A useful tool in analyzing the external environment in which Ford is presently situated can incorporate Michael Porter's Five Forces model, which is graphically summarized below: (http://www.marketingteacher.com/Lessons/lesson_fivefoces.htm)

Ford is vulnerable to the threat of both new entrants (in terms generally of new car models as well as specifically of new environmentally friendly cars) as well as the threat of substitute products from other car companies eager to attract the same consumers that Ford wishes to attract. Honda, for example, is likely to become one of Ford's primary competitors for small, eco-friendly cars (and has indeed made a number of gains in this area in just the past year.

Honda also has a fairly wide range of products, with a growing emphasis on environmentally friendly vehicles.

Although our name is most often associated with automobiles, we are much more than that. We manufacture a wide range of products, including motorcycles, ATVs, generators, marine engines, lawn and garden equipment and automobiles. Historically, Honda has been a leader in fuel-efficiency and low-emission technology. With all of our products, we work to balance your desire for fun and performance with society's need for clean air and water (www.honda.com).

One strength in terms of its ability to overcome competition that Ford has (and this is of course true of other car manufacturers as well) is that while established car manufacturers can (and do on an annual basis) come out with new car models, it is extremely difficult (given the staggering capital amounts required) for new companies to enter the car manufacturing business. It is also expensive for even established car manufacturers to come out with radically new models. This tends to protect those companies, like Ford, that are already established.

The bargaining power of buyers vis-a-vis Ford's products is fairly high and is likely only to become greater as more and more companies move into the car submarkets that Ford has itself targeted.
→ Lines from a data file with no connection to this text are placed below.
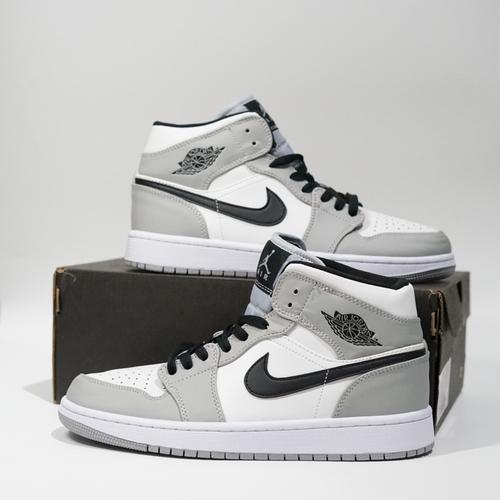 sepatu sneakers air jordan
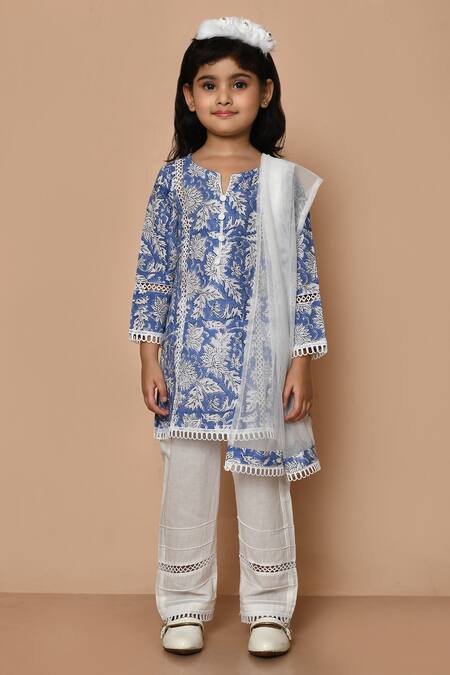 Shop_Pankhuri By Priyanka_Blue Cotton, Chiffon Lace Garden Hand Block Print Kurta Set _Online_at_Aza_Fashions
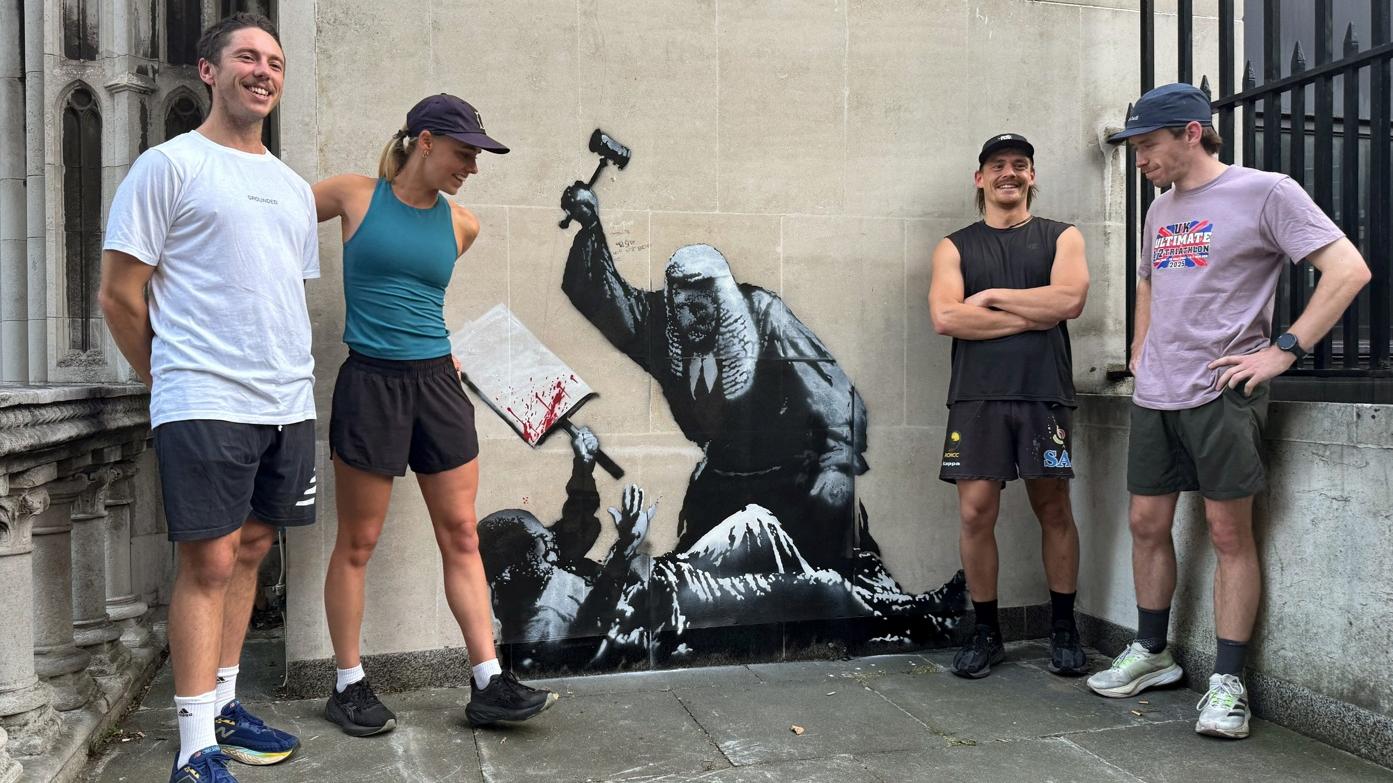 Banksy在IG公布新作後，有民眾立即到來觀賞打卡。(路透社)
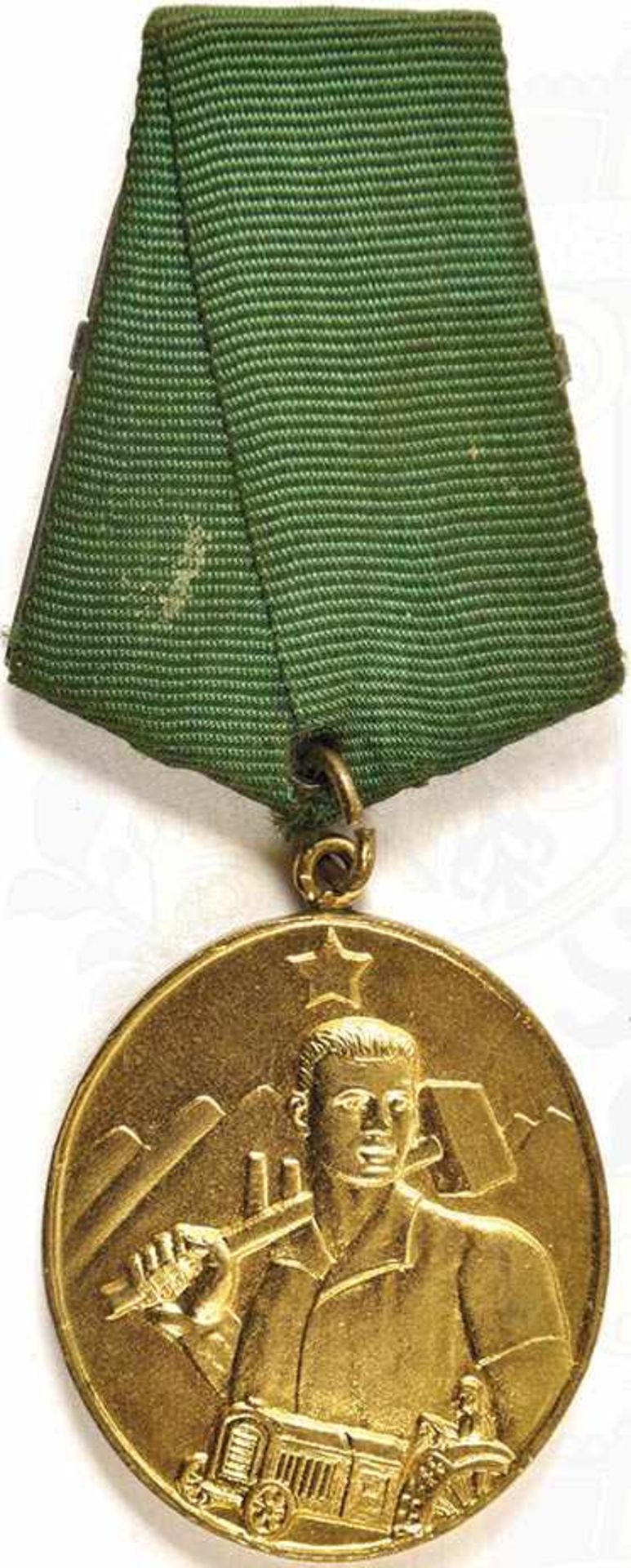 ARBEITS-VERDIENSTORDEN, Verdienst-Medaille, vergld., a. Bd.-Tragespange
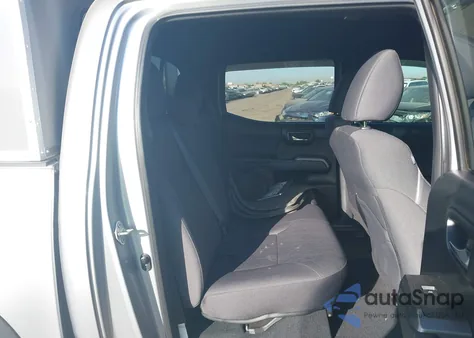 2017 Toyota Tacoma Trd Off Road из США, поврежденный, VIN 3TMAZ5CNXHM051884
However, balanced against the fact that buyers are free to go to Ford's competitors is the fact that for most Americans and indeed for many people across the world a car is an economic necessity. People in many situations have to buy cars, which certainly limits their ability to bargain and may lead to a state of quasi-monopoly among large car manufacturers.

The bargaining power of suppliers varies greatly from one to another (given the range of suppliers to the auto industry) but the largest supplier - which is steel - has a far more advantageous position selling to Ford and other American firms than to foreign firms due to recent tariff changes by the Bush administration. This does not protect Ford from competition from other American car makers, but given that its chief competitors for environmentally friendly cars are Japanese firms, the advantages to steel companies to sell American are likely to help Ford.

Strengths

Among the most important reasons that the company is showing such a currently healthy financial picture is its commitment to environmentally responsible vehicles. Among the most important of these products for the company are the EV Ranger, which is the best selling electric vehicle in the United States today, according to the company (http://www.ford.com).The company has also just been the recipient of the largest single electric vehicle order in history, with the United States Postal Service having placed an order for 500 electric postal vehicles, with an option for an additional 5,000 additional postal vehicles to be based on the current Ford Ranger EV (http://www.ford.com).

Weaknesses

Much of the weakness that the Ford Motor Company faces comes not from its competitors but from its own internal structure, something that is intelligently - and fascinatingly - described by Mary Walton's in her 1999 book Car, which is a lengthy discussion of the development of the Taurus but is more generally a description of the ways in which Ford does business.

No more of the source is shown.